Script Readers See Blueprints

<i> Scott Morgan is a Los Angeles screenwriter</i>

I am a great fan of David Mamet. His plays are brilliant. But I am also a successful screenwriter, and think his article criticizing the process of writing and selecting scripts was misleading, rambled, whined and it degraded many talented screenwriters (“That’s Entertainment. That’s Too Bad,” Los Angeles Times Magazine, Aug. 6).

Granted, most screenplays are rife with grammatical errors. Agents don’t care and submit these scripts because they sell anyway. High-concept rules. The “readers” scan the description, speed-read the dialogue and consider the whole work simply a “blueprint” that will be rewritten many times.

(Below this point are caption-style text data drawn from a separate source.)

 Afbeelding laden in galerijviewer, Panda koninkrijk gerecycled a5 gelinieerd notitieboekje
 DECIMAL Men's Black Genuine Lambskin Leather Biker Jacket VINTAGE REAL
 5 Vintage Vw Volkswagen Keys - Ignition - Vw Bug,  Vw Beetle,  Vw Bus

I advise any beginning screenwriter to write at least one play. Plays rely solely on story, character and sharp dialogue to be appealing to a reader. It’s a shame that more movie makers forget the value of these elements and consider it filler between what draws the crowd: eye-candy sex-and-violence scenes. Studios bank on box-office stars and high concept to make their millions. But that doesn’t mean that all screenplays are totally without merit.

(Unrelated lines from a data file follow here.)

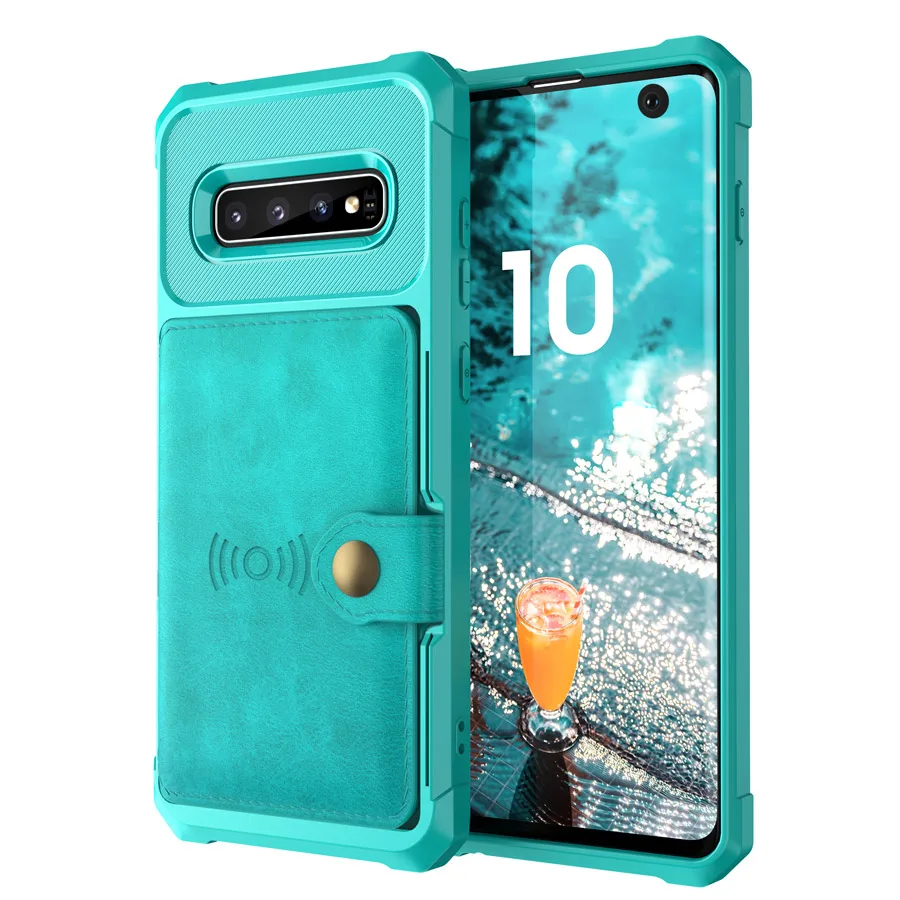 Cyan Чехол-Кошелек IQD для Galaxy S10 Plus S10e, роскошный автомобильный Магнитный чехол для samsung Galaxy Note9 S9 Plus, кожаный чехол, защитный чехол на заднюю панель с отделением для карт - Цвет: Cyan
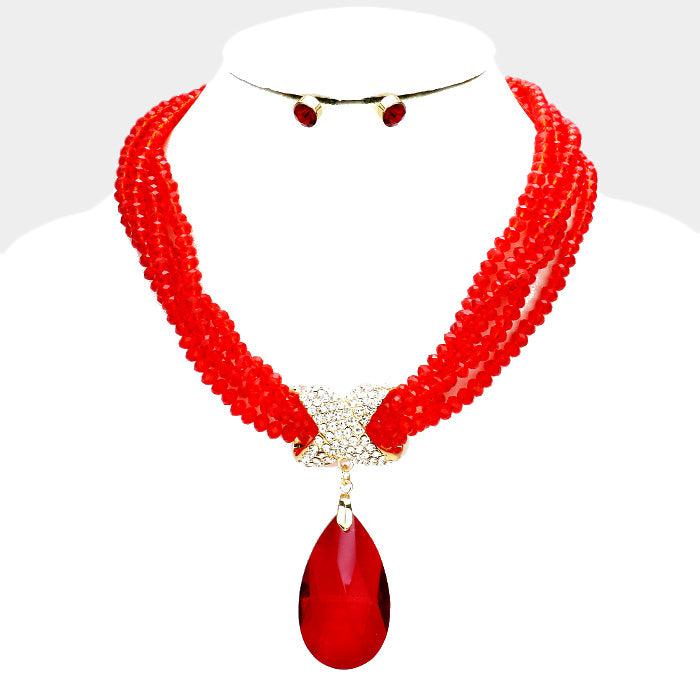 Twisted Beaded Red Crystal Teardrop Ornate Necklace Set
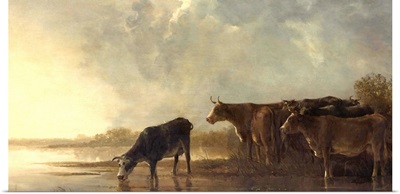 River Landscape with Cows, by Aelbert Cuyp, 1640-50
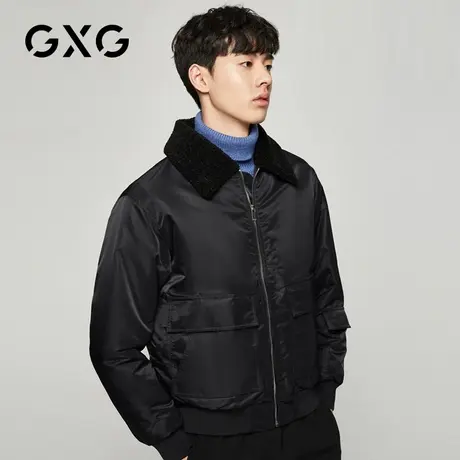 GXG男装 冬季韩版黑色潮流保暖翻领男士飞行员夹克外套男图片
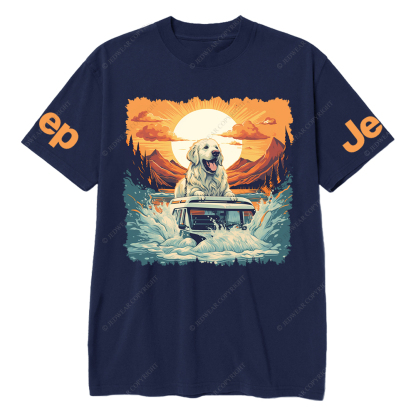 Pet Love Dog Sunset Wave Jp T-Shirt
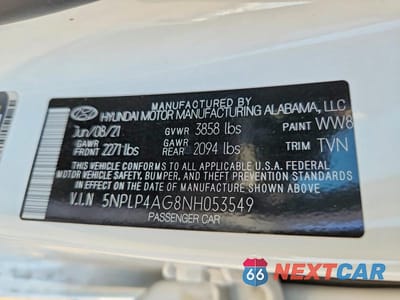 Zdjęcie 12 z 12 samochodu: 2022 HYUNDAI ELANTRA LIMITED VIN:5NPLP4AG8NH053549 - miniatura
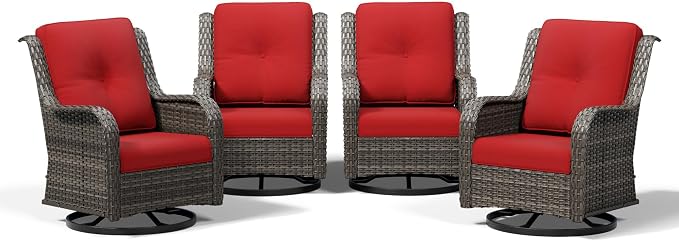 Joyside 4 Piece Outdoor Swivel Rocker Patio Chairs, Wicker Patio Furniture with High Back, Deep Seating, Wide Armrest, Thickened Cushions, Outdoor Rattan Furniture for Deck, Porch Use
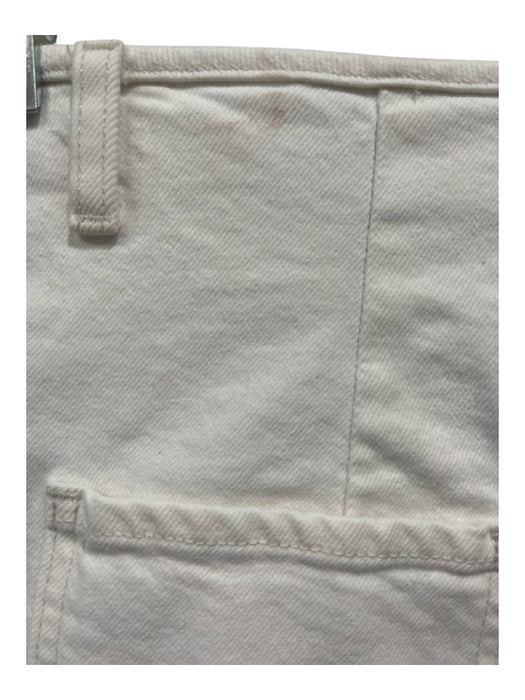 Le Jean Size XS White Cotton Zip Fly Frayed Hem Pockets Mini Skirt White / XS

The studio audience has, by accident or design, been trained to demand certain things from a movie. The studio script reader is instructed to bear in mind the key elements of this “formula.” And while Mamet professes that this is a recent travesty afflicting screenwriters alone, this “Hero With a Thousand Faces” formula has in fact been around since the beginning of storytelling and has influenced “The Iliad,” Greek tragedies, Shakespeare and all of mythology. And Mamet’s plays are not exceptions.

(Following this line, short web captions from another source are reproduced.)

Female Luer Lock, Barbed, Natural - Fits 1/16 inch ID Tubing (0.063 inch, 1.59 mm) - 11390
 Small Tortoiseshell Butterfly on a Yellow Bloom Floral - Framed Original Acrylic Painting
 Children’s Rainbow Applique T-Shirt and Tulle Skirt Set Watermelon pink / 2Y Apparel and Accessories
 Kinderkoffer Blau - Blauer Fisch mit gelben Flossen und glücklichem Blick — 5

Screenwriters are limited: in how many characters they can introduce, how much time they can spend describing them; by plot-turning points, emotional pinches, hooks, epilogues. Screenwriting “professionals” strive to present something fresh within these limits. A few times each year, we screenwriters succeed, and we do so grandly, by writing something compelling and unique within these limits.

Sorry, Mr. Mamet, sometimes these examples are found within what you call pornographic movies like “Pulp Fiction.” (It should be pointed out that many Mamet plays rely on four-letter-word volleys to drive home a point.)

Screenplays are not plays. They have available a more visually expressive medium, one that is not confined to a single stage. Screenwriters should explain what a scene will look and sound like. On film, not on stage, not in a novel.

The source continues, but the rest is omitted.